The 1998 season was very weak compared to the 1997 season; this was due to the strong El Niño in the previous season. During the 1998 season, a total of 28 tropical depressions developed across the western Pacific basin. Of those 28 depressions, a total of 18 strengthened into tropical storms of which 9 further intensified into typhoons. The first tropical cyclone developed on May 28, marking the third latest start to any Pacific typhoon season on record, and the last one dissipated on December 22. The Philippine region also set a record: with only eleven storms forming or moving into its area of responsibility, PAGASA had its quietest season on record, later tying with the 2010 and 2023 seasons. Overall inactivity was caused by an unusually strong La Niña, which also fueled a hyperactive Atlantic hurricane season that year.

== Systems ==

=== Tropical Depression 01W (Akang) ===

The second tropical depression of the season developed out of a tropical disturbance which was first noted 1,080 km (670 mi) north-northwest of Palau on July 6. The disturbance gradually became better organized and was classified as Tropical Depression 01W at 1500 UTC on July 7. Upon becoming a depression, it marked the latest start for a Pacific typhoon season since reliable records began in 1959. The next day, 01W entered the Philippine Atmospheric, Geophysical and Astronomical Services Administration (PAGASA) area of responsibility and received the local name Akang. Slowly moving towards the northwest, the depression neared Taiwan. However, increasing vertical wind shear caused the convection associated with the depression to become displaced from the center of circulation. With the center exposed, 01W weakened. At 2100 UTC on July 10, the depression made landfall in northern Taiwan and dissipated shortly after. No known damage was caused by the depression.
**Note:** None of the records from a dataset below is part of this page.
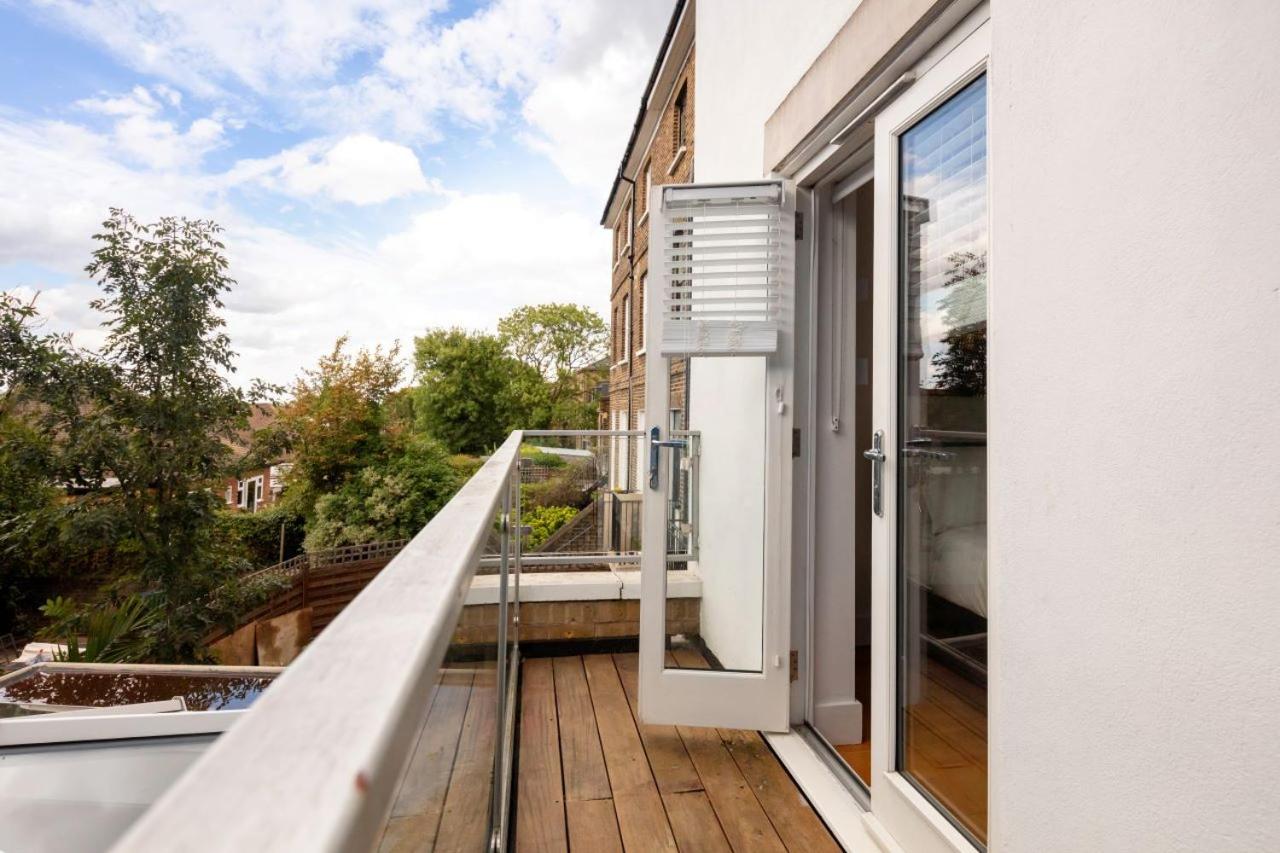 Dove House Wanstead - Stunning 4 Bedroom, 3 Bathroom House with Private Hottub & Gym - Escape London, in Lonon
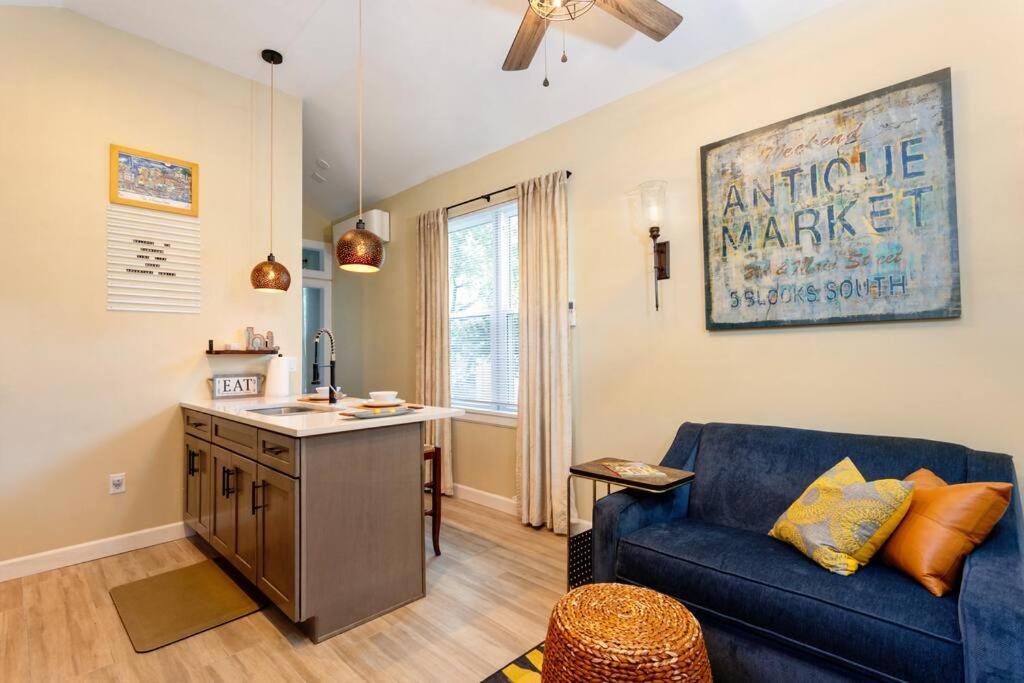 Downtown Tiny Life - Experience Tiny Living! Ferienhaus *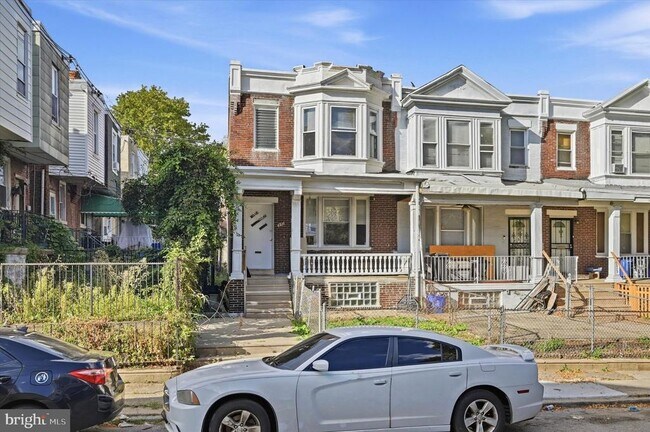 Building Photo - 6217 W Stiles St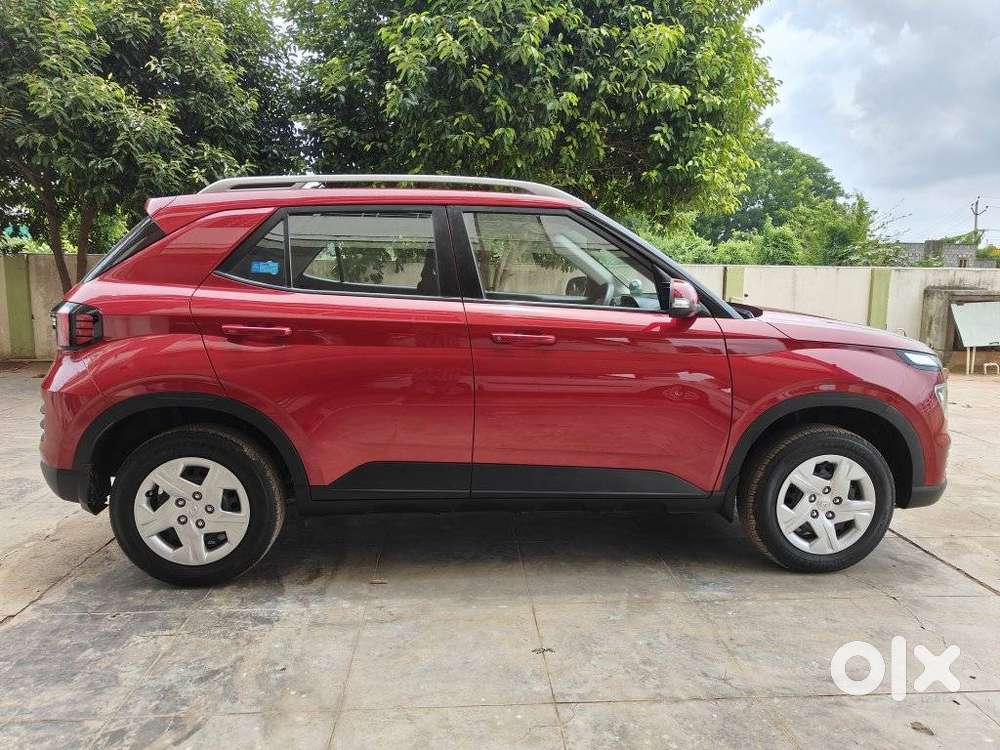 Hyundai Venue 1.2 S (o), 2022, Petrol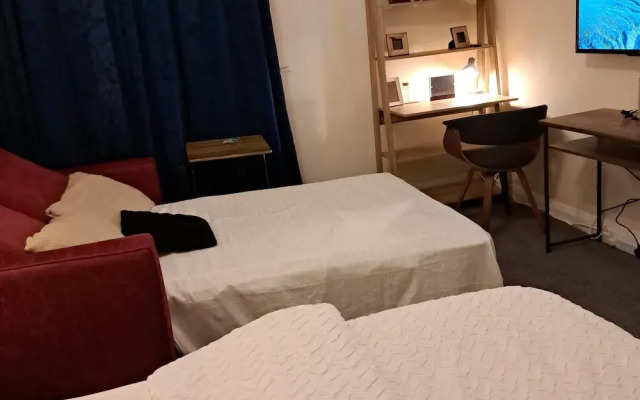 Family-friendly Studio Flat in Dagenham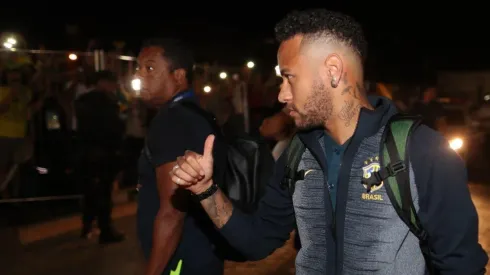 Brasil fue recibido por una multitudinaria afición brasileña en su llegada a Samara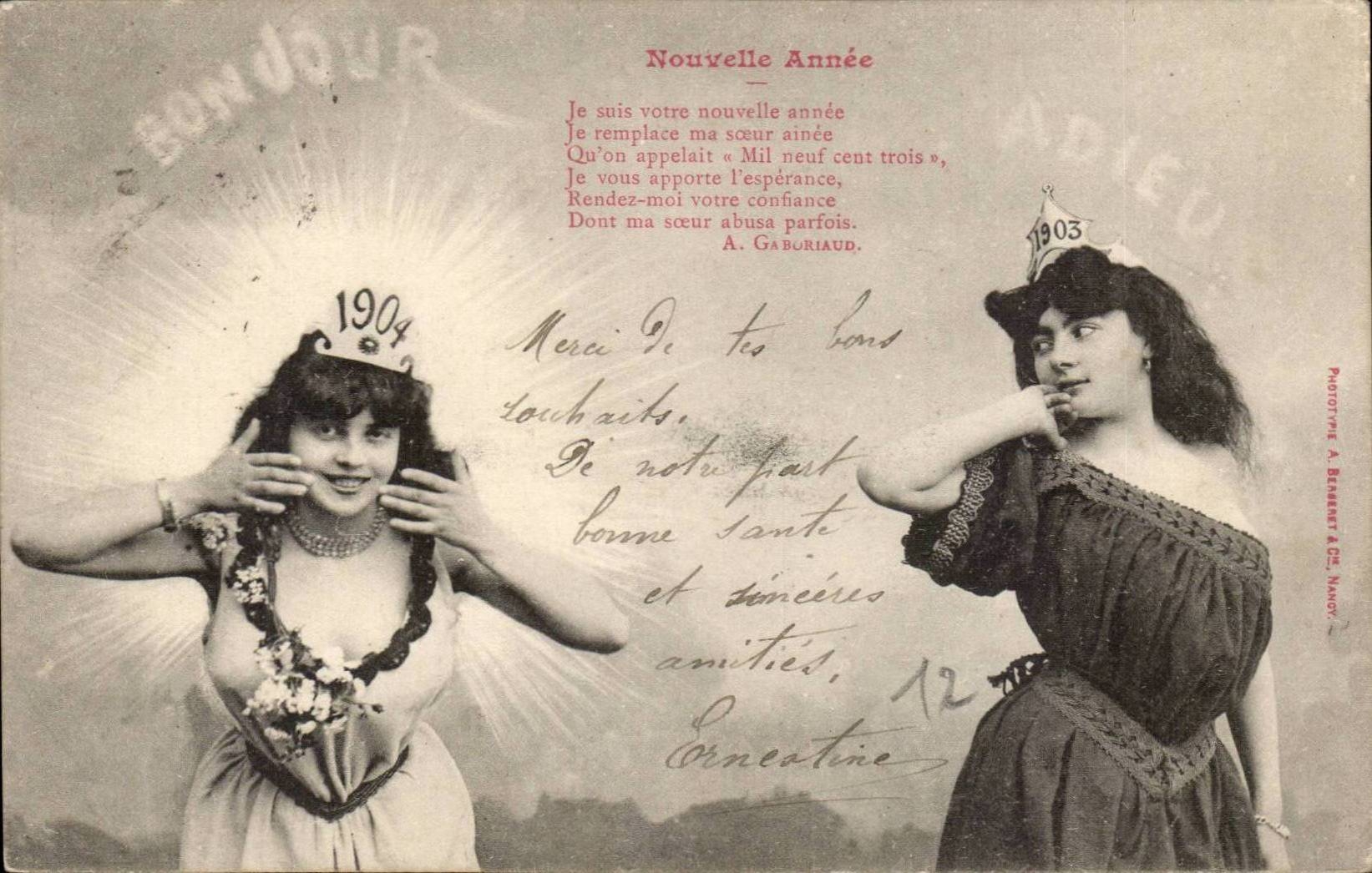 Deux jeunes femmes en couronne d'années — 1903 et 1904 — Phototype A. BRAMART à NANCY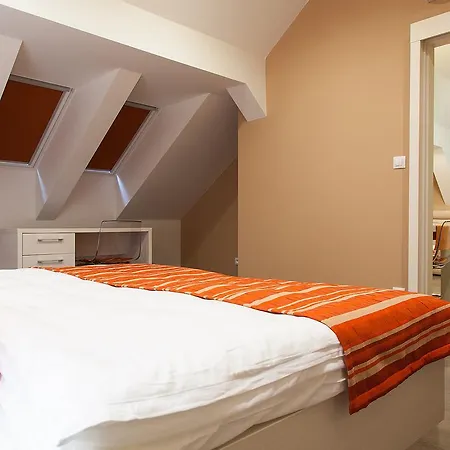 Apartman 1 Lägenhet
=== Tropical Storm Nichole ===

As 01W intensified over the Philippine Sea, a broad area of low pressure developed in the South China Sea. The low slowly intensified as it moved towards the north-northeast and was declared Tropical Depression 02W early on July 8. Tropical Depression 02W slowly strengthened as northerly outflow was constricted. By late on July 8, the depression was upgraded to a tropical storm and given the name Nichole. The storm reached its peak intensity while just offshore southern Taiwan with winds of 95 km/h (60 mph 1-minute winds) according to the Joint Typhoon Warning Center (JTWC) and 65 km/h (40 mph 10-minute winds) with a minimum pressure of 998 hPa (mbar) according to the Japan Meteorological Agency (JMA). The combination of dry air, strong wind shear, and the storm's proximity to land caused Nichole to quickly weaken to a tropical depression twelve hours after reaching its peak intensity. The exposed remnants of Nichole executed a clockwise-loop offshore Taiwan before traveling north into mainland China and dissipating. Rough seas produced by the storm caused four container ships to run aground in Taiwans' Kaohsiung Harbor, none of the crew members were injured. Heavy rains in Taiwan flooded an estimated 2500 acre of crops.

=== Tropical Depression 03W ===

Operationally considered to have only been a tropical depression, Tropical Storm 03W developed out of a tropical disturbance along the eastern edge of a monsoon gyre on July 22. Tracking in a gradual northwest to northeast curve, the disturbance gradually intensified and was classified as a tropical depression while located 790 km (490 mi) east-northeast of Iwo Jima on July 25. The depression briefly intensified into a tropical storm, with a peak intensity of 85 km/h (50 mph 1-minute winds) as convection wrapped around the entire center of circulation. However, strong wind shear quickly blew away the associated convection, causing 03W to weaken to a tropical depression. Early on July 26, 03W degenerated into an exposed low before dissipating.

=== Typhoon Otto (Bising) ===

The first typhoon of the season developed out of a tropical low from a mesoscale disturbance in early August. Persistent convection developed around the low and early on August 2, the JTWC began issuing advisories on Tropical Depression 04W.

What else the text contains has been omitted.